They get multilingual alignments from dictionaries, then train a Bilstm pos tagger in source language, then automatically tag many tokens in the target language, then manually annotate 1000 tokens in target language, then train a system with combined loss over distant tagging and gold tagging. They add an additional output layer that is learned for the gold annotations.
Multilingual embeddings are useful for creating embeddings for low resource languages for things like transfer learning (e.g., learning a POS tagger in a low-resource language using training data from a high resource language). However, they typically require some small amount of supervision in the form of aligned corpora, seed pairs, or dictionaries. This approach attempts to learn a mapping from a source embedding space into a target embedding space without supervision.
The approach uses two networks a la adversarial training. One network (the generator) is parameterized by a projection matrix that attempts to map source words into the target space. The other network (the discriminator) attempts to discriminate true target embeddings from projected source embeddings. Since adversarial training is known to be unstable (a "research frontier" as the authors say), quite a bit of the paper describes tricks and training methods the authors investigated to get training to converge and understand how to select models.
They evaluate on many pairs, including both similar and dissimilar language pairs, and get very nice results. In summary, better than seed-based approaches with 0-100 seeds, competitive with 100-1000 seeds.

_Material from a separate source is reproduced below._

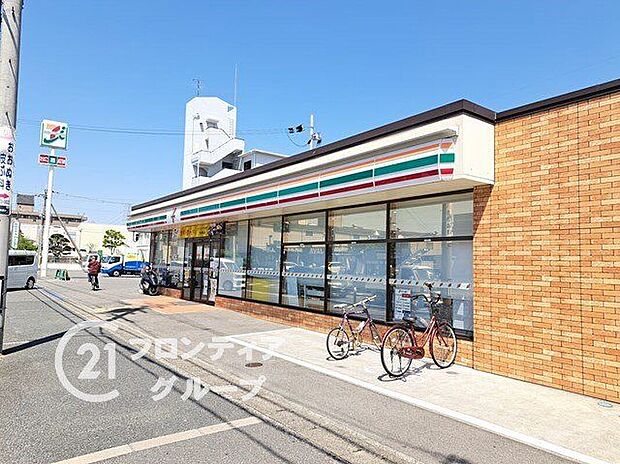 セブンイレブン八尾八尾木北4丁目店(約620m)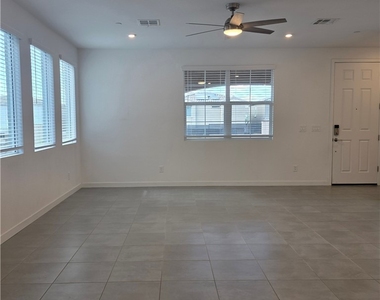176 Vanhoy Avenue - Photo Thumbnail 12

Much of what would be traditional discussion is instead devoted to details of training regimen, so unfortunately there is little discussion of why this works. Given the difficulty one might encounter attempting to train this, I think it might be a little preliminary to try using this for applications, but continued research in training adversarial networks for NLP and properties of embedding spaces could potentially make this approach reliable enough for real applications.

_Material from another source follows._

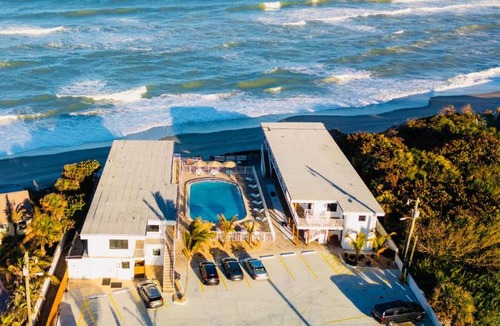 Claytons Hotel | Melbourne Beach Resort & Surf Club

(Reposting under ACL 2017 version)
Kind of a response/deeper dive into the durret/klein "easy victories" paper. Suggests that a) lexical features they used ("easy victories") are very prone to overfitting. They first show that several state of the art systems that use lexical features, trained on CoNLL data, perform poorly on wikiref, which was annotated using the same guidelines. Meanwhile the stanford sieve system performs about the same on both.
Then they show that a high percentage of gold standard linked headwords in the test set have been seen in the training set, and that a much lower percentage of errors are in the training set, implying that lexical features just allow you to memorize what kinds of things can be linked.
They suggest development of robust features, including using embeddings as lexical features, using lexical representations only for context, and on the evaluation side, using test sets that are different domains than the training set.